Cricket Australia (CA) got together to decide on the plea of Australian Cricketer’s Association. They had demanded to bring back Steve Smith, David Warner and Cameron Bancroft before the suspension periods. For their involvement in ball-tampering in South Africa, Smith and Warner were banned for a year while Bancroft was suspended for 9 months.
But CA has decided that the bans on the tainted trio will remain. The Board released an official statement in which it termed lifting the bans as inappropriate. As a result, the 3 won’t be available for the series against India at home. The ban on Bancroft ends on December 29, 2018, while Warner and Smith can make a return only after March 29, 2019.

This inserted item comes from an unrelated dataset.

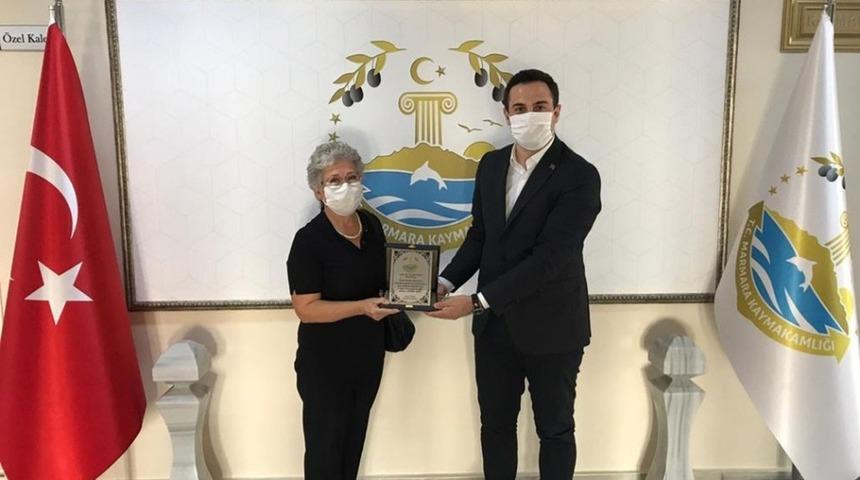 Diş hekimi ekipmanlarını hastaneye bağışladı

The official statement of CA
“The Cricket Australia Board has carefully considered all elements of the ACA submission and has determined that it is not appropriate to make any changes to the sanctions handed down to the three players,” CA Interim Chair Earl Eddings said.
“Despite the absence of any recommendation regarding the sanctions in the recently released Ethics Centre Review, the Board has deliberated on the ACA’s submission at length. We have reconsidered the sanctions as they apply to each of Steve, David and Cameron in light of the ACA’s submission and the Ethics Centre Review and Recommendations.
“The original decision of the Board to sanction the players was determined after rigorous discussion and consideration. CA maintains that both the length and nature of the sanctions remain an appropriate response in light of the considerable impact on the reputation of Australian cricket, here and abroad,” Eddings said.
“Steve, David and Cameron are working hard to demonstrate their commitment to cricket and have our continued support to ensure their pathway to return is as smooth as possible.
“We believe the ongoing conversation about reducing the sanctions puts undue pressure on the three players – all of whom accepted the sanctions earlier this year – and the Australian men’s cricket team. As such, the Cricket Australia Board doesn’t intend to consider further calls for amendments to the sanctions.
“Though we recognise that this decision will be disappointing for the ACA, we thank them for their submission. Our commitment to continue building a strong relationship between CA and the ACA in the interests of cricket in Australia remains and we look forward to meeting with them shortly to that end,” Eddings added.